Frank Zorn (Groupon-Citydeal) "Les opérations sur Groupon sont bien plus ROIstes que des campagnes de pub"

Lancé en mai 2010, Groupon.fr fait déjà partie du Top 20 des audiences de l'e-commerce français. Son DG revient sur la stratégie du service, qui propose aux internautes de se regrouper pour obtenir des réductions sur des activités de loisir dans leur ville.

JDN. Début février vous avez lancé Citydeal France, racheté en mai par Groupon comme les autres Citydeals d'Europe. Comment s'est passée la fusion ?

Frank Zorn.
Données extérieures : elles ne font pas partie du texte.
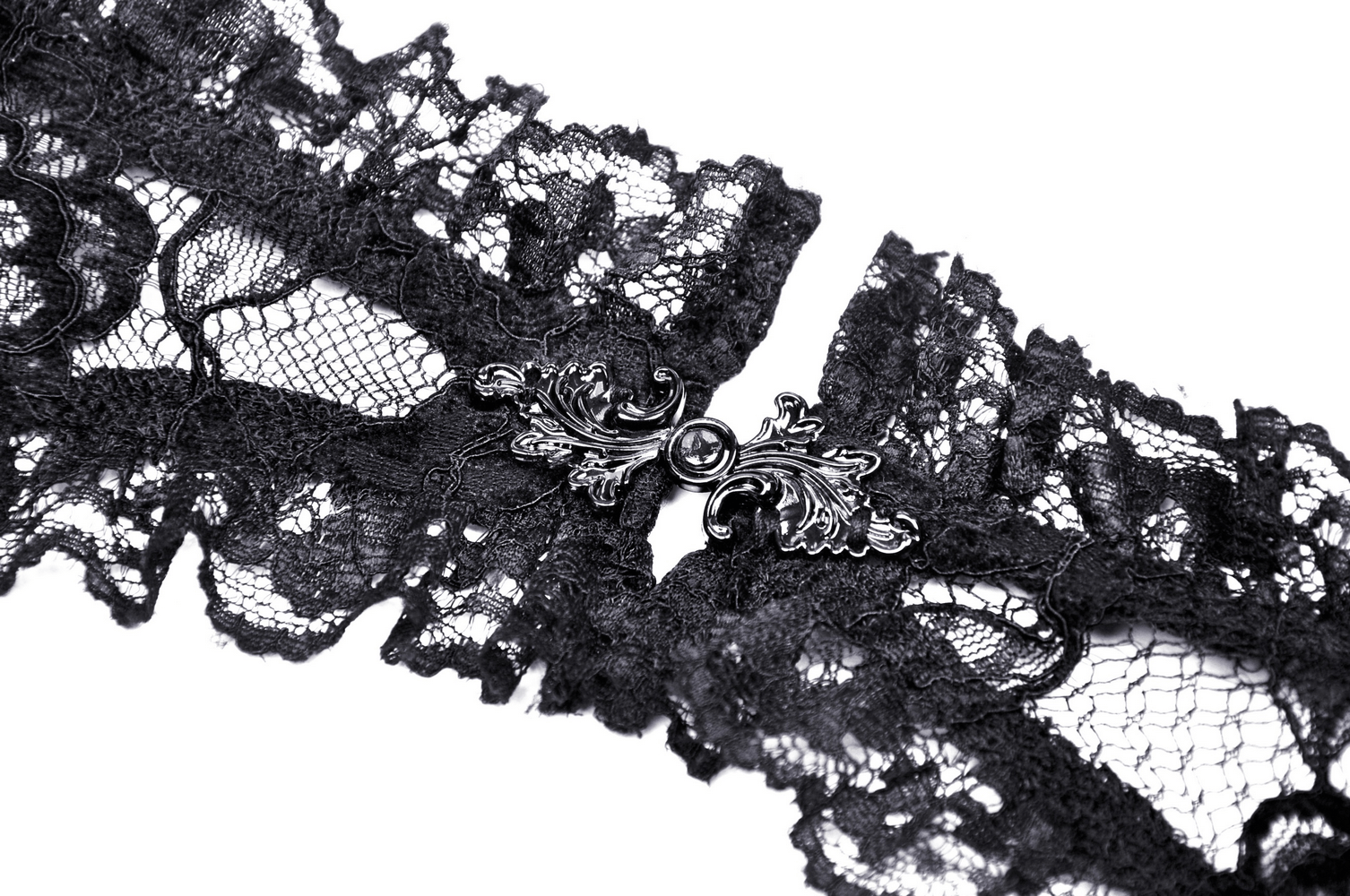 Intricate black lace with a decorative clasp, perfect for gothic fashion styles and elegant outfits.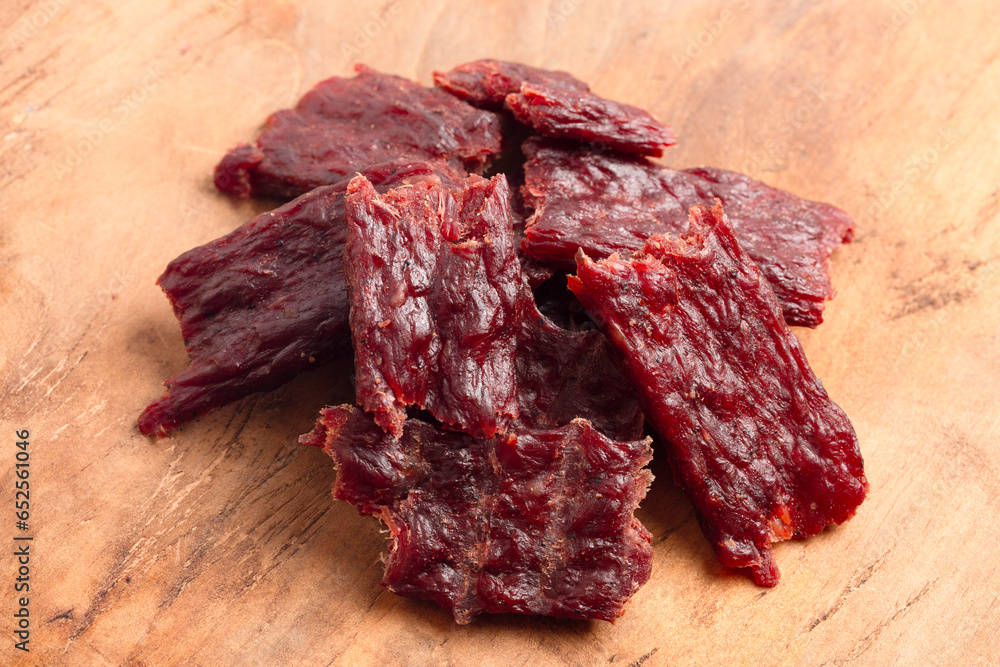 Fototapeta premium Pile of Kippered Beef Steak Beef Jerky on a Rustic Wooden Table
Groupon voulait grandir rapidement au dehors des Etats-Unis et Citydeal, qui s'était construit sur son modèle, était déjà présent dans 14 pays d'Europe. L'objectif de la fusion était de déployer sur le territoire de Citydeal le savoir-faire acquis par Groupon depuis deux ans et demi. En France, nous utilisons depuis cette semaine la charte graphique de Groupon US, afin de bénéficier de la portée de la marque de l'inventeur du concept. Nous proposons des deals quotidiens dans 25 villes et un peu moins dans 35 autres villes. Notre groupe est aujourd'hui présent en Amérique du Sud, où nous avons créé des sociétés, ainsi qu'en Russie et au Japon, où nous avons racheté des acteurs locaux. Au total, nous opérons dans une trentaine de pays.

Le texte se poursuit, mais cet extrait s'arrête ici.